## What this task involves
Each entry should be set down again verbatim, with the images omitted.

## Raw data
= = = =

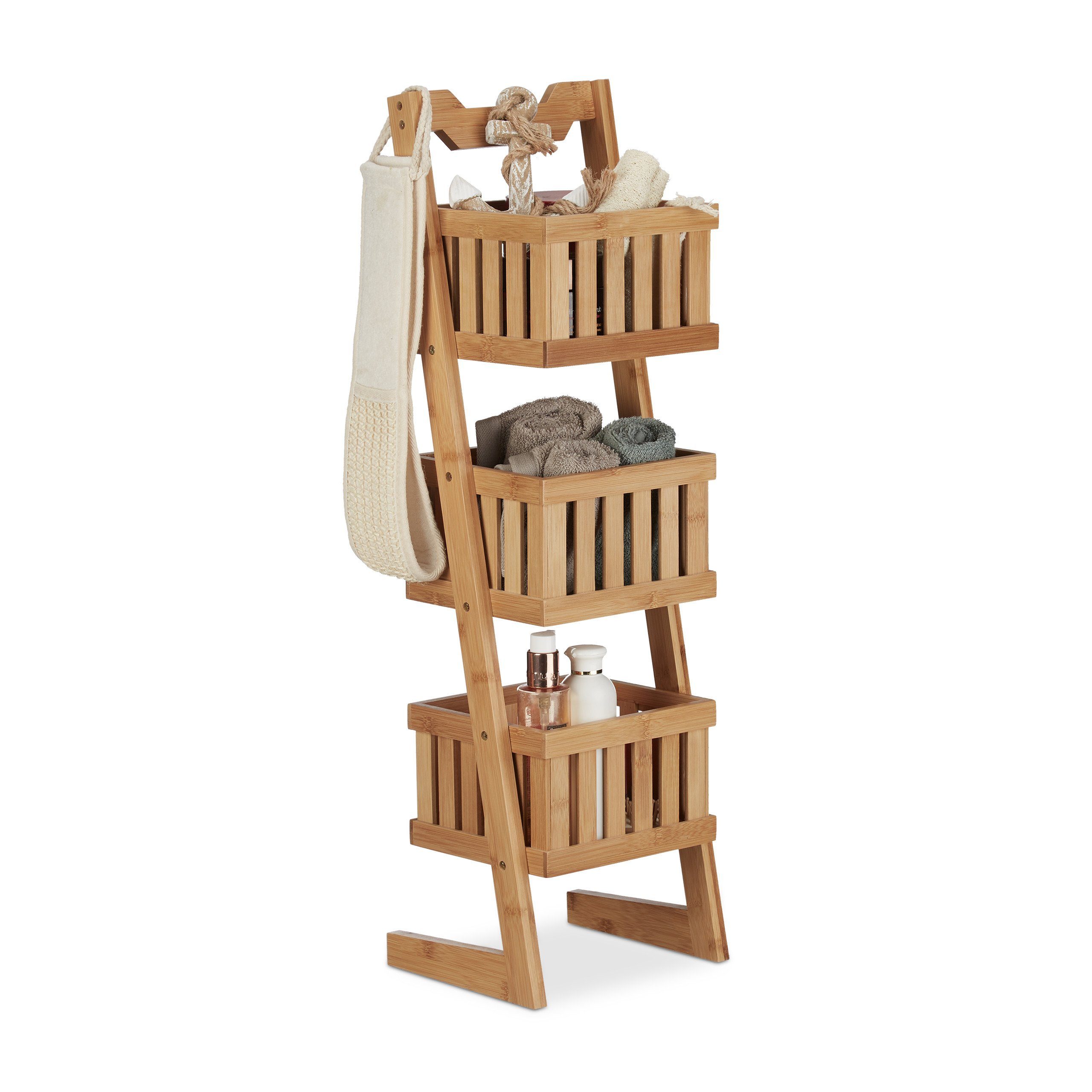 relaxdays Badregal Bambus 3 Körbe günstig online kaufen
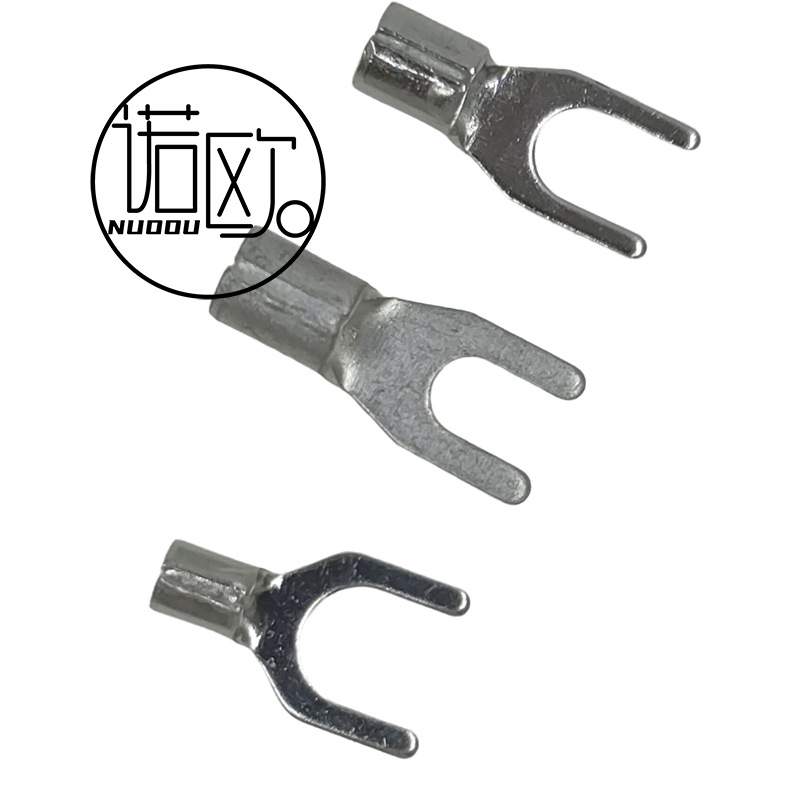 叉形接线裸端子SNB黄铜镀锡冷压裸端头U型接线耳铜鼻子线耳线鼻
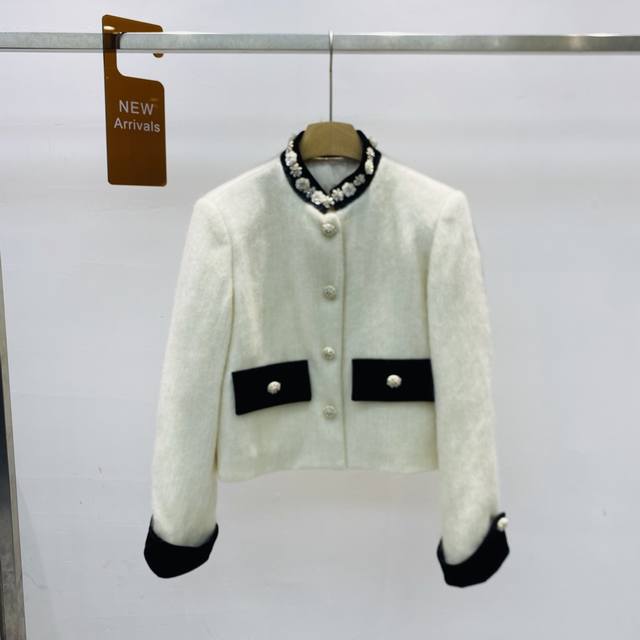 新款轻奢重工订珠领撞色单排扣镶钻毛毛短羽绒外套上衣Sml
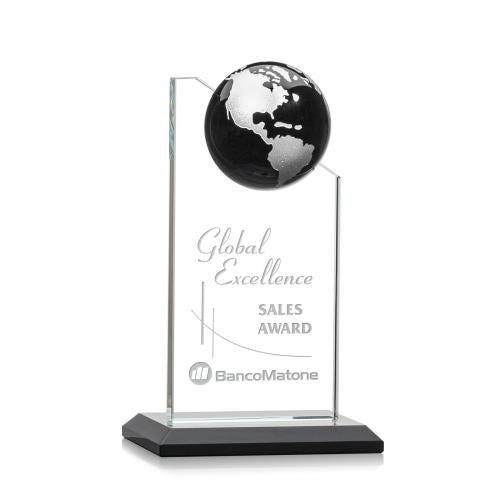 Awards and Plaques - Crystal Trophies - Myers Globe Black/Silver Peaks Crystal Trophy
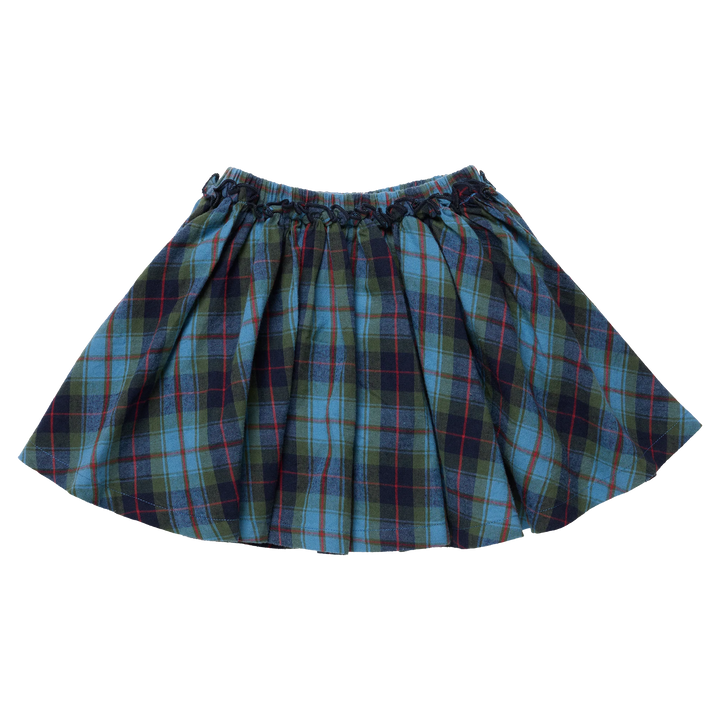 Pink Chicken Girls Gianna Skirt in Blue Tartan featuring blue, green, navy, and red plaid with a gathered waistband and flared silhouette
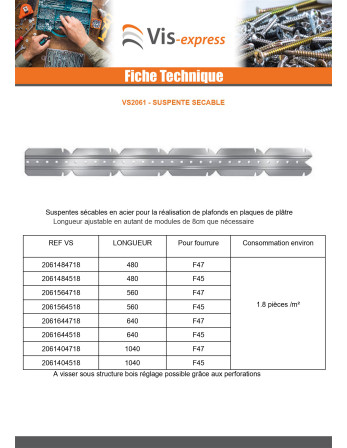 Suspente Sécable 480 pour fourrure F45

= = = =

## Result for this task
 relaxdays Badregal Bambus 3 Körbe günstig online kaufen
 叉形接线裸端子SNB黄铜镀锡冷压裸端头U型接线耳铜鼻子线耳线鼻
 新款轻奢重工订珠领撞色单排扣镶钻毛毛短羽绒外套上衣Sml
 Awards and Plaques - Crystal Trophies - Myers Globe Black/Silver Peaks Crystal Trophy
 Pink Chicken Girls Gianna Skirt in Blue Tartan featuring blue, green, navy, and red plaid with a gathered waistband and flared silhouette
 Suspente Sécable 480 pour fourrure F45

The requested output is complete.